Abstract

The sum-check protocol underpins SNARKs with the fastest known provers. For an $n$-variate polynomial $g$ defined over a finite field $\field$, the protocol enables an untrusted prover to convince a verifier of the sum of all evaluations of $g$ over a product set $H^n$ with $H \subset \field$. The standard choice for $H^n$ is the Boolean hypercube $\{0,1\}^n$, which serves as a natural interpolating set for multilinear polynomials.

We propose a projective variant of the sum-check protocol, obtained by changing the interpolating set from $\{0,1\}^n$ to the infinity hypercube $\{0,\infty\}^n$. Under a suitable notion of evaluation at $\infty$, evaluating a multilinear polynomial at a point in $\{0,\infty\}^n$ directly extracts its corresponding monomial coefficient.

This projective viewpoint is a near-drop-in replacement for applications of sum-check, requiring only local changes to polynomial representations, round identities, and evaluation formulas. It yields up to $1.16\times$ end-to-end speedup for the sum-check prover on BN254, and $1.09\times$ on a pseudo-Mersenne 128-bit prime field, against a fair baseline. It eliminates all field subtractions when binding a multilinear polynomial, and for structured polynomials such as equality and less-than, the projective interpolants admit evaluation procedures with fewer field operations. Moreover, the monomial-coefficient form aligns naturally with polynomial commitment schemes like WHIR, removing a basis mismatch that these schemes otherwise need to work around.

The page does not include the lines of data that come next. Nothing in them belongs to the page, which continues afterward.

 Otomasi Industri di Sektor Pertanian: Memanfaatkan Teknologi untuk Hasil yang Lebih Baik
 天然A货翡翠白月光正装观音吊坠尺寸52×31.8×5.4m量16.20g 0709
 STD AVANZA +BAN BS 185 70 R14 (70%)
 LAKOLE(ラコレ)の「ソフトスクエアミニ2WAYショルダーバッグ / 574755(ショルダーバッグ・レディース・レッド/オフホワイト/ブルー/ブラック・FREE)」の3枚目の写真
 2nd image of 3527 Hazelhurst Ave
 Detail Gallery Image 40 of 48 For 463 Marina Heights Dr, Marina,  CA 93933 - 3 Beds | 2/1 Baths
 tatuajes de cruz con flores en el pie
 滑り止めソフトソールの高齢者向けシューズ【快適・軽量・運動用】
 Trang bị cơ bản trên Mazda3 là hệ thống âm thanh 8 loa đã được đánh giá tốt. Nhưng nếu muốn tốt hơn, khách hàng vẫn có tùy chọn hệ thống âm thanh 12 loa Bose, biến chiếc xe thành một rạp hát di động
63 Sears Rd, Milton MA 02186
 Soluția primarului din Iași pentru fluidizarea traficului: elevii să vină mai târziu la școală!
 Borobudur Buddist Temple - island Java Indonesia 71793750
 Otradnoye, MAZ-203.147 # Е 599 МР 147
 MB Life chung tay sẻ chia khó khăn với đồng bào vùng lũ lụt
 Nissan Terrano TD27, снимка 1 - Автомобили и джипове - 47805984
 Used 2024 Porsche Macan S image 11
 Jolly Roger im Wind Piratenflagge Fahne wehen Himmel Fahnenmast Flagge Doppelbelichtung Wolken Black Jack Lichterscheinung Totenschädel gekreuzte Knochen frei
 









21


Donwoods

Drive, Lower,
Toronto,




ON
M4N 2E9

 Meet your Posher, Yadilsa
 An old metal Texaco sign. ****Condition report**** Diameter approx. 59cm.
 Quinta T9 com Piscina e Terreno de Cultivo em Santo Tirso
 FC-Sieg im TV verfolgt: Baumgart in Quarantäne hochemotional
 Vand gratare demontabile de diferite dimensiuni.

Finally, we describe an optimization for sum-check over $\approx 256$-bit prime fields. When targeting $\approx 128$ bits of security, it suffices to sample challenges from a subset of size $\approx 2^{128}$. We show that a suitable choice of this subset, interpreted as upper-limb values in Montgomery form, yields a $1.92\times$ speedup for field multiplication. Combined with the projective binding formula, this gives a $1.82\times$ speedup for sum-check binding (a key component of fast sum-check proving).

Comment

My contribution was primarily in the "other" implementing small limb challenge sets in Jolt and showing the CIOS proof, and had little to do with the sumcheck optimisations. Quang Dao was responsible for all those optimisations.